| Date | June 12, 2012 |
| Location | Ivory Coast |
| Result | Failure of the coup attempt |

Belligerents
- Armed Forces of the Republic of Ivory Coast: Dissenting faction of the armed forces pro-Gbagbo militias Liberian mercenaries

Commanders and leaders
- Alassane Ouattara: Laurent Gbagbo Kate Gnotua Moise Lida Kouassi

= 2012 Ivorian coup attempt =

The 2012 Ivorian coup attempt was a failed coup d'état by exiled military officers loyal to former president Laurent Gbagbo to overthrow President Alassane Ouattara's administration in the Ivory Coast. State security seized documents that outlined plans for the eventual overthrow and replacement of the democratically elected leader with a transitional military council.

== Plot ==
In a public interview to national television, Interior Minister Hamed Bakayoko accused pro-Gbagbo officers and former members of his administration of complicity in the plot to install a transitional military council, disclosing "We had very specific information that a group of officers in exile in Accra were preparing a military operation in Ivory Coast aimed at destabilizing the country." He then proceeded to play a recorded video where a group of uniformed men, led by a spokesman, proclaimed the dissolution of the Ivory Coast's institutions and the establishment of a council for national sovereignty. The spokesman, later identified as Colonel Kate Gnotua, announces in the video, "All state institutions are hereby dissolved. All political activities are suspended. A curfew has been put in place until further notice." The recorded video was intended to be broadcast to national television after the takeover.

Among the alleged leaders of the foiled coup plot were Moise Lida Kouassi, former defense minister and key ally of Laurent Gbagbo, and Colonel Kate Gnotua, former senior officer in Gbagbo's presidential guard. Kouassi later had a falling out with Kate Gnotua.

The coup plot involved a combination of Liberian mercenaries and Ivorian militias, with ties to Gbagbo's loyalists.

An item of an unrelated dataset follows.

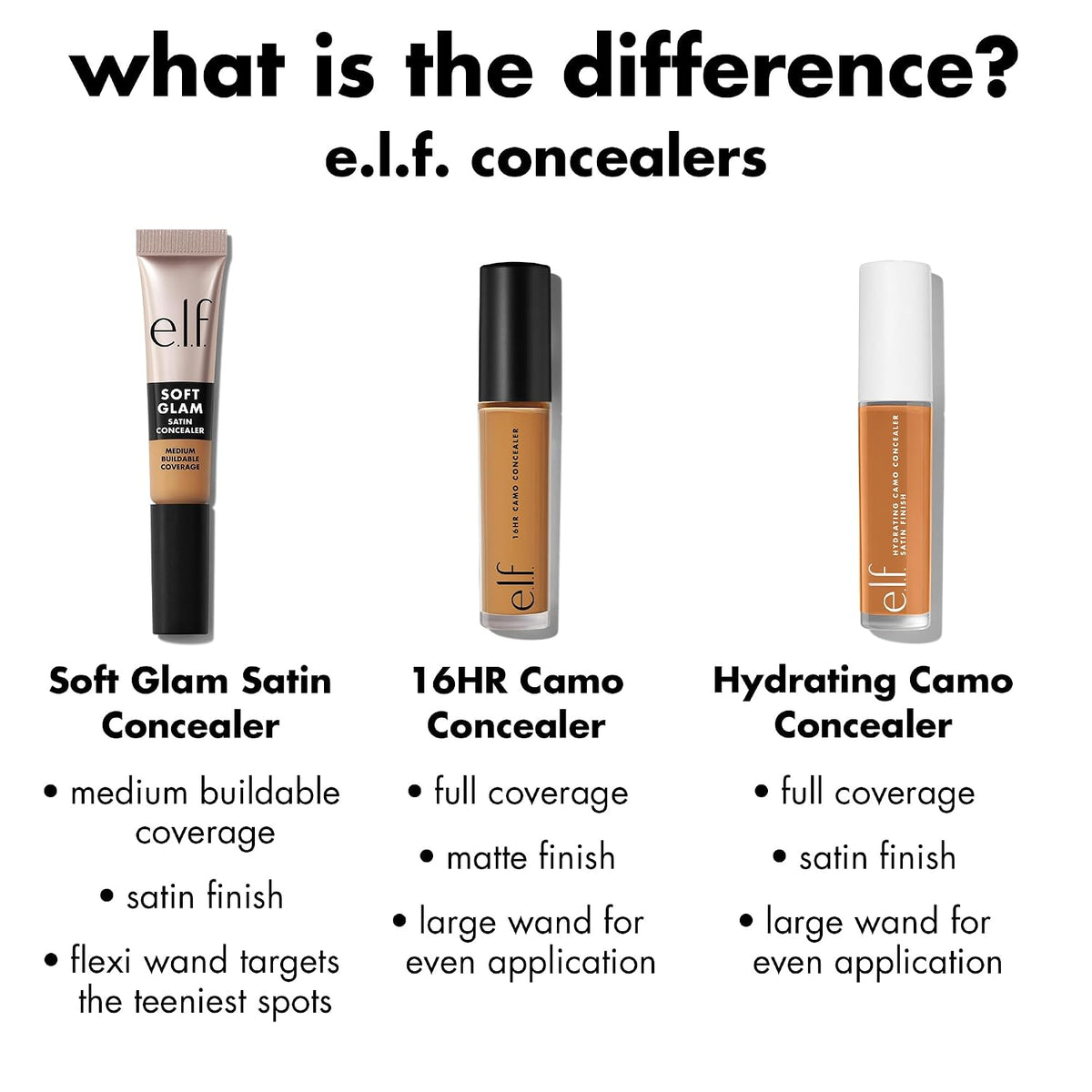 e.l.f. Soft Glam Satin Concealer. Medium Coverage. 65 Rich Neutral | Hydrating Hyaluronic Acid & 1% Hibiscus Complex. Crease-Resistant. Lightweight Formula. Vegan & Cruelty-Free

The coup attempt was linked to recent violence, including the killing of seven UN peacekeepers, and involved elements from Gbagbo's presidential guard.

In the end several of the coup plotters were arrested, including Kate Gnatoa and Kouassi, who acknowledged awareness to the plot, admitting "The documents that were seized during my arrest at my house in Lome did concern a transition and a crisis communication in Ivory Coast." He expresses regret for not informing the authorities sooner and indicated willingness to seek forgiveness from the president for his inaction.